I have a very specific memory from my freshmen year chemistry class. This class was my first college chemistry class, but it was during my second quarter (we had 3 quarters per year instead of 2 semesters). There were about a hundred people in the class, maybe more. Anyway we had lecture in this large theater type room with the tiny  fold-down desks and the rows that rose up as you went farther back. We were starting the first or second exam and my mind went blank and I began to panic. My heart pounded and my hands got shaky. I had never experienced anything like that during an exam before. I don’t know why it happened either because that class was not particularly hard for me because I’d had most of the material in high school and I had studied.

Anyway, I think part of it was because I had started to psyche myself out thinking, “What if I can’t remember anything? What if I fail?” Since chemistry was my chosen field there was a little bit more at stake in this class than my other classes. I was able to pull myself out of this downward spiral of thinking and pause and think rationally for a moment. “What if I actually fail, even though it’s unlikely? I probably won’t fail the class, there are still other exams. Even if I fail the class, it’s not the end of the world. I’m not going to die.”

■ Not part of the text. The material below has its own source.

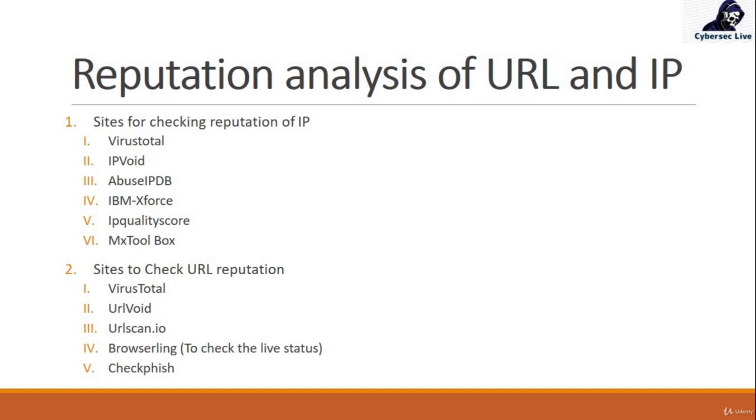Second, we can check the URL reputation from many different websites: VirusTotal, Url Void, Urlscan.io, Browser Link. And actually it will never tell you whether it's malicious or not, but it will give you a live demo of how that URL is working.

I have not had any more exam experiences as intense as that one, but this is pretty much my self-pep talk for any time I’m nervous: “Calm down. You’re not going to die.” It really helps me to put things in perspective. Another thing I like to ask myself is: “Is this going to matter in 10 years? Are you even going to remember this in 10 years?” The truth is I have no idea what I got on that exam. I know I didn’t fail it and I’m pretty sure I skipped the beginning that freaked me out and went on to a question that I could remember and went back to the first page later.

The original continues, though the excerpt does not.